The exposure to financials and discretionary names is important because those sectors have delivered impressive dividend growth since the financial crisis.
DON’s distribution yield of 2.68% is more than 100 basis points above what investors will find on 10-year Treasurys.
Dividend ETFs You Can Hold Forever: Vanguard High Dividend Yield ETF (VYM)
Dividend Yield: 3.24%
Expense Ratio: 0.09%
Vanguard, the second-largest U.S. ETF issuer, is once again on a torrid asset-gathering pace. This year, the Pennsylvania-based company averages a staggering $1 billion per day of inflows.
The Vanguard High Dividend Yield ETF (VYM) is part of that growth with year-to-date inflows of over $1.5 billion.
Vanguard index funds and ETFs are often favored by advisors and investors due to low fees and VYM is a dividend ETF that does not disappoint on that front. VYM charges just 0.09% per year, or $9 for every $10,000 invested. That makes it less expensive than 92% of rival funds and puts this dividend ETF at the lower of end of annual fees levied in the dividend ETF space.
Obviously, the lower a dividend ETF’s expenses are, the easier it is to hold it for the long haul because lower fees mean less erosion of returns.
Although VYM says “high dividend” in its name, this dividend ETF is not ultra-rate sensitive because high-yielding telecom and utilities names combine for less than 14% of the ETF’s weight. That is less than VYM’s consumer staples weight and barely more than its financial services allocation.

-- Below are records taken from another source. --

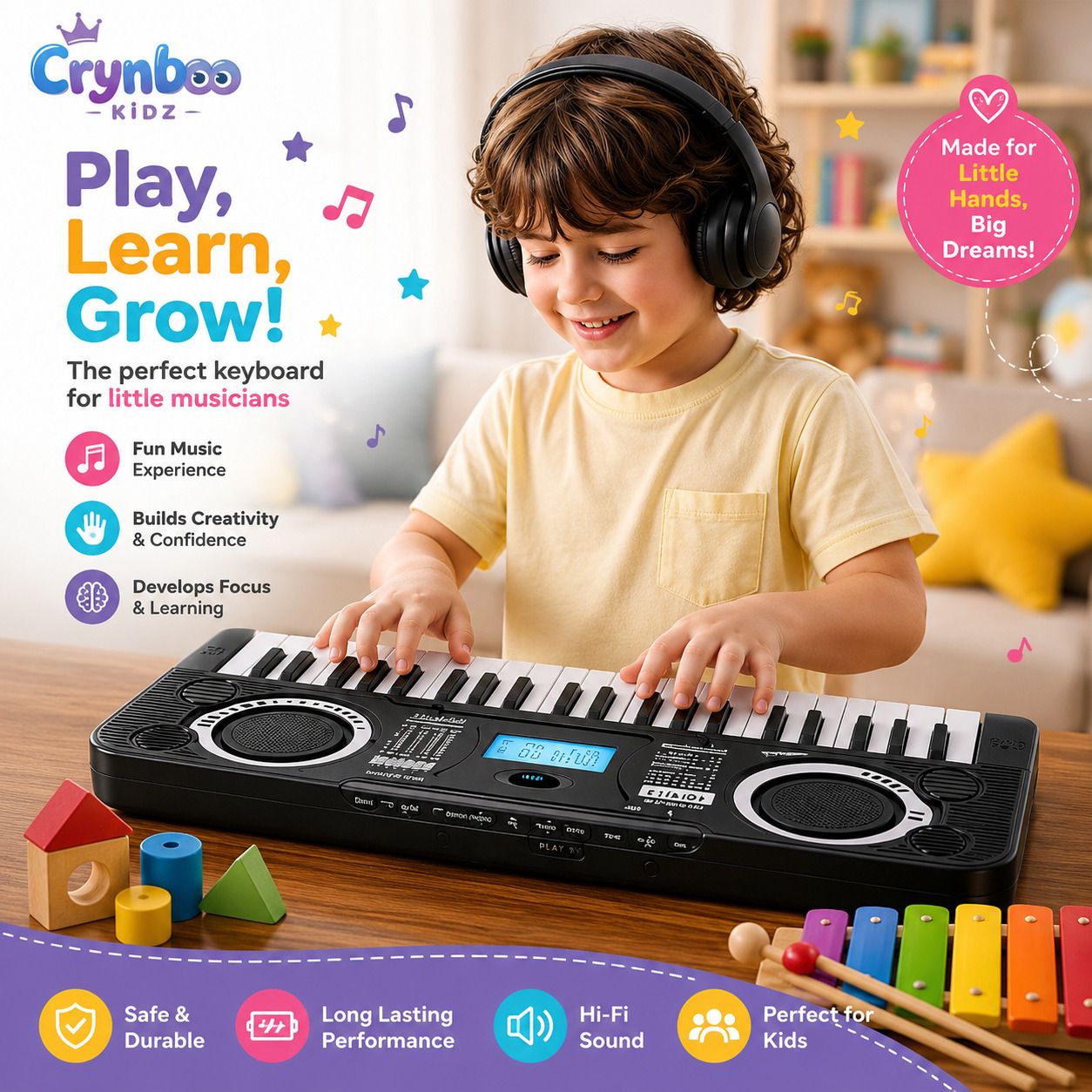 crynboo kidz 37 Keys Musical Keyboard Piano Toy for Kids Learning Fun-picture-39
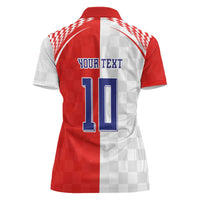 Custom Croatia Hrvatska Football Women Polo Shirt Halftone Checkerboard National Crest
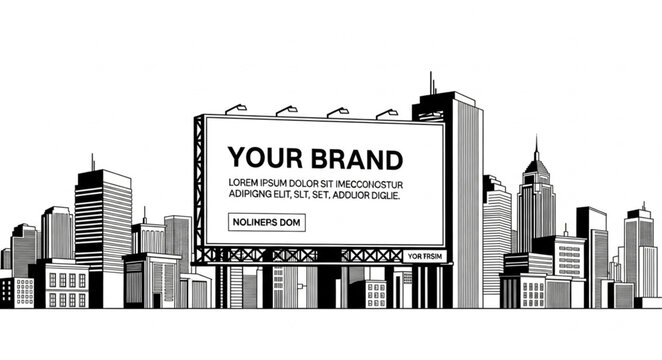 Billboard advertising your brand in a city skyline illustration.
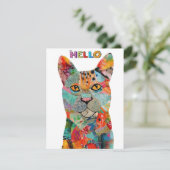 Cute and Colorful Cat Greeting Card Kaart (Staand voorkant)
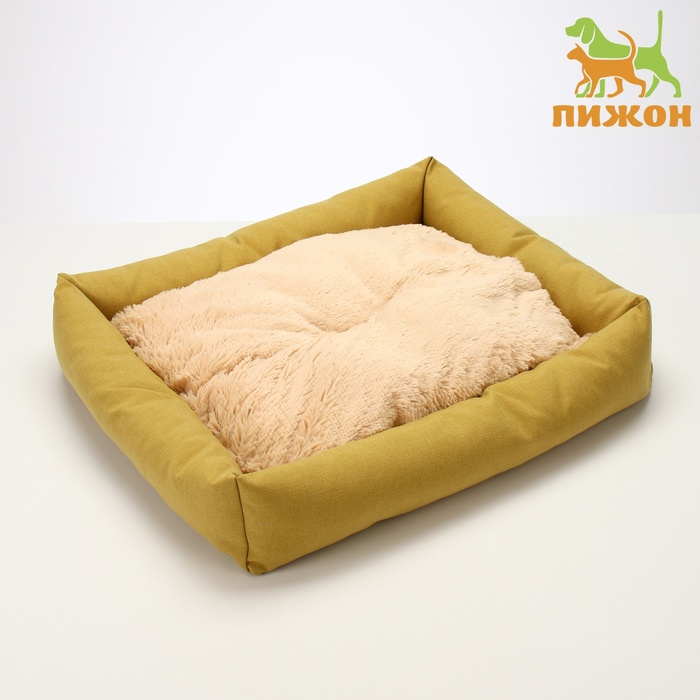 

Лежанка для животных, 60*50*15 см, рогожка, синтепон, искусс. Мех, горчичная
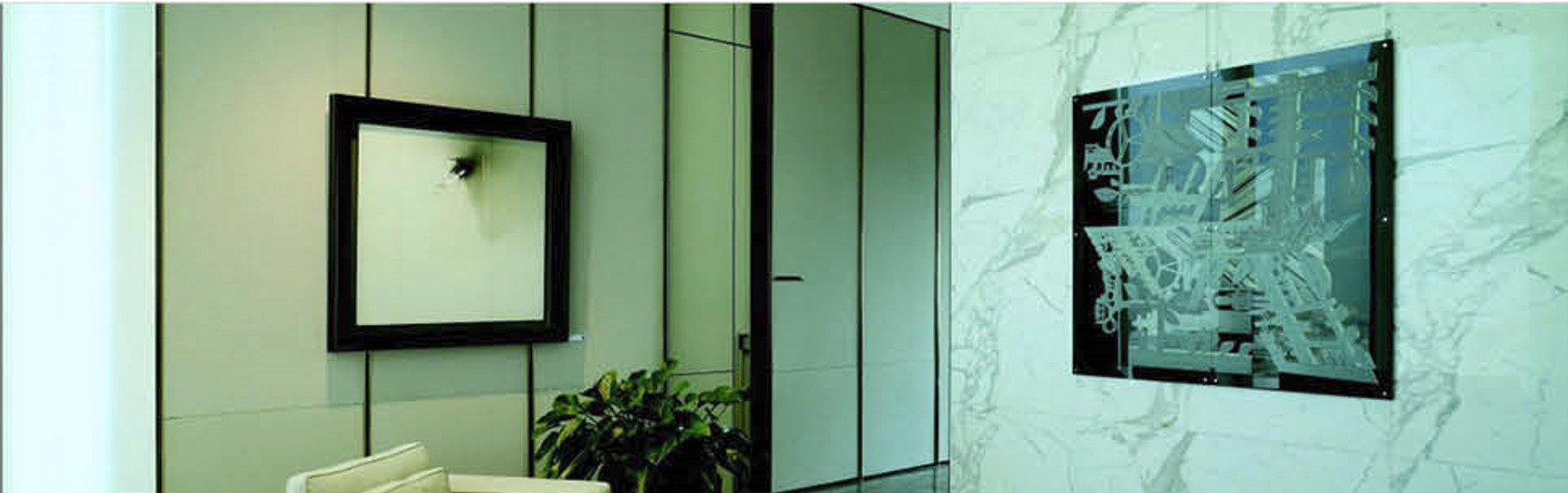 Fernando Zobel’s Tanto Monta (left) is displayed across an artwork by Jaime Zobel de Ayala at Ayala’s headquarters in Makati City.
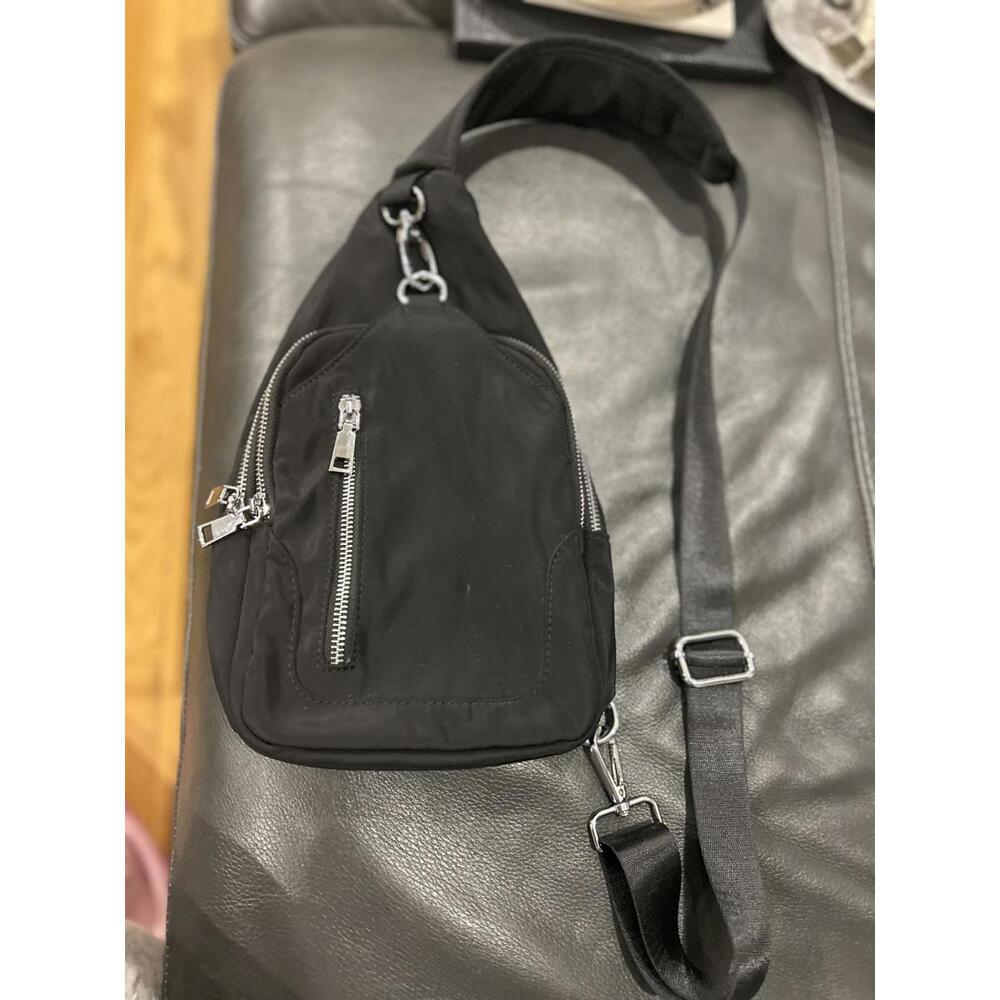 Sasha + Sofi Solid Black Sling Backpack - image 1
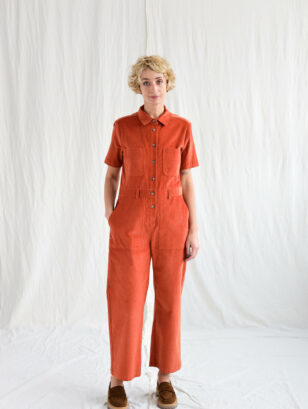 Corduroy short sleeve jumpsuit | Jumpsuit | Brick Orange | Sustainable clothing | OffOn clothing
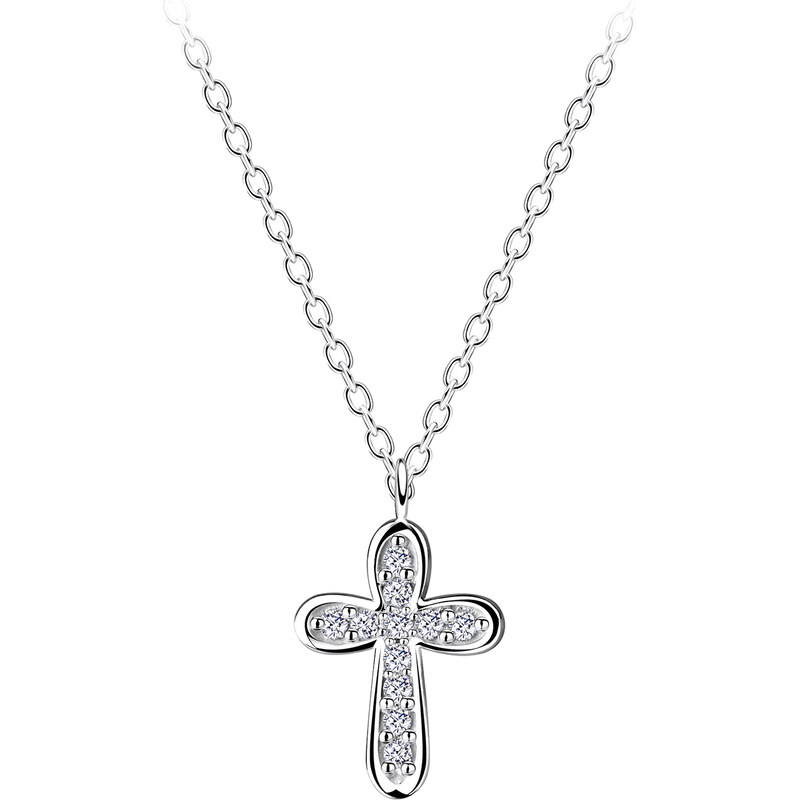 Flor de Cristal Stříbrný náhrdelník s křížem - bílý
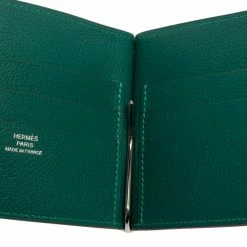 Hermes Gold/Vert Vertigo Evercolor Leather Poker Compact Wallet For Men -Deals Hermes Store luxury men hermes new bags p460522 003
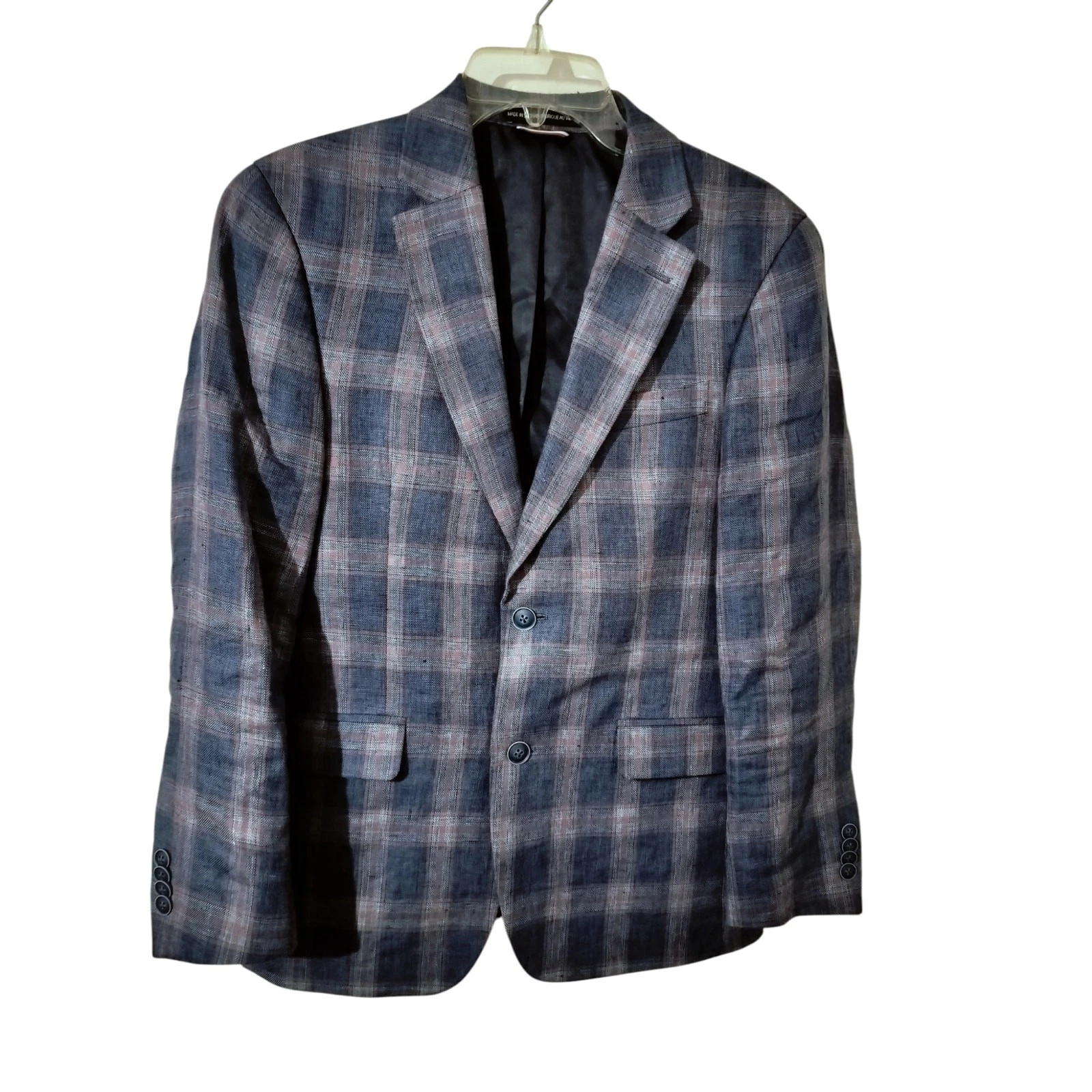 M1250) Tommy Hilfiger Men Blue Plaid Linen Two Button Sports Jacket Size 36S image 1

This dividend ETF is not weighted by length of dividend increase streak as some dividend ETFs are, but it is chock full of stocks with long and recently started payout increase streaks.
For example, VYM’s top 10 holdings include Microsoft Corporation (MSFT) as well as Johnson & Johnson (JNJ) and Procter & Gamble Co (PG), two of the stocks with longest dividend increase streaks in the S&P 500.
Dividend ETFs You Can Hold Forever: SPDR S&P 500 Dividend ETF (SDY)
Dividend Yield: 2.42%
Expense Ratio: 0.35%
Like the aforementioned VYM, the SPDR S&P 500 Dividend ETF (SDY) is one of the old standbys among dividend ETFs.
One reason why investors have made SDY a Goliath among dividend ETFs, plunking nearly $13 billion into this fund, is that SDY is one of the dividend ETFs that follows a dividend aristocrats index.
SDY tracks the S&P High Yield Dividend Aristocrats Index, which only holds high dividend stocks that have boosted payouts for at least 20 consecutive years. Due to the recent spate of negative dividend actions from the energy patch, that sector is lightly represented in SDY at a weight of just 3.2%. However, SDY’s largest sector weight is 24.2% allocated to financial services.
That may surprise some dividend investors that remember rampant payout cuts from big banks during the financial crisis, but the bulk of SDY’s holdings from that sector are smaller banks and real estate investment trusts.
One drawback with SDY is that because of its 20-year dividend increase requirement, this dividend ETF is lightly allocated to the technology sector with a weight of just 3.8%.
As of this writing, Todd Shriber was long JNJ.